Das Eupener Kabelwerk, größter privater Arbeitgeber in Ostbelgien. Foto: Gerd Comouth

Am Donnerstagabend fand im „Jägerhof“ in Eupen eine Vortragsveranstaltung zum Thema „Wirtschaftsstandort DG“ statt. Initiator war die SP. Drei Experten sowie der Fraktionsvorsitzende der SP im PDG, Charles Servaty, referierten über die Lage und die Perspektiven der ostbelgischen Wirtschaft – mit sehr unterschiedichen Schlussfolgerungen.

Die Finanz- und Wirtschaftskrise vor 5 Jahren hat auch vor Belgien und der DG nicht Halt gemacht. Die Auswirkungen sind immer noch deutlich spürbar. Dennoch haben Belgien im Allgemeinen und die DG im Besonderen diesen Rückschlag vergleichsweise gut verkraftet.

Das sagte zumindest Charles Servaty, Franktionsvorsitzender der SP im Parlament der DG. „Wir stecken die Krise relativ gut weg“, betonte Servaty einleitend. Doch das sei noch lange kein Grund zur überschwänglichen Freude. Denn trotz eines stabilen und gut funktionierenden Sozialsystems und indexgebundener Löhnen liege ein Großteil der Problematik noch vor uns.

Starker Rückgang an offenen Stellen

Diskussion im "Jägerhof" (im Hintergrund von links): Volker Klinges, Renaud Rahier, Stephan Mathieu und Charles Servaty. Foto: Jannis Mattar

Diskussion im „Jägerhof“ (im Hintergrund von links): Volker Klinges, Renaud Rahier, Stephan Mathieu und Charles Servaty. Foto: Jannis Mattar

Stephan Mathieu, Vertreter des Wirtschafts- und Sozialrates der DG (WSR), wies darauf hin, dass Ostbelgien sich in manchen Bereichen zahlenmäßig wieder in Richtung 2009 begibt, dem Jahr des großen Einsturzes. „Bereits im Jahr 2012 hatten wir einen starken Rückgang an offenen Stellen zu verzeichnen“, so Mathieu, „und auch die Prognose für 2013 sieht nicht gut aus.“

Allerdings gab Mathieu zu bedenken, dass dies nicht auf eine Unproduktivität der DG zurückzuführen sei.
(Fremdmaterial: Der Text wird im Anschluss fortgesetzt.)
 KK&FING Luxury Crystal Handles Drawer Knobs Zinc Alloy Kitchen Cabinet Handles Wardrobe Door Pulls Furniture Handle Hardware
Die Statistiken zeigten vielmehr, dass wir angesichts unserer geringen Größe gar nicht so schlecht abschneiden.

Ähnlich stellte sich auch die These von Gewerkschaftsvertreter (FGTB) Renaud Rahier dar. Ihm zufolge ist trotz der großen Krise und der damit verbundenen Rückschritte der durchschnittliche Umsatz der hiesigen Unternehmen seit 2005 gestiegen. „Auch das Eigenkapital steigt, es wird kräftig Geld in die Wirtschaft gepumpt, selbst die Gewinne und Dividenden steigen stetig“, fasste Rahier grob zusammen. „Zudem zahlen die Unternehmen durchschnittlich 8% weniger Steuern als gesetzlich festgelegt.“ Dennoch sinke der Anteil der Löhne am Umsatz. „Das durchschnittliche Einkommen steigt zwar, aber nicht gleichmäßig mit dem Index. Wir verlieren konsequent an Kaufkraft“, so Rahier.

Zusammengefasst bedeutet das: Die Unternehmen verdienen nach wie vor Geld, teilen dies aber nicht mit den Arbeitnehmern.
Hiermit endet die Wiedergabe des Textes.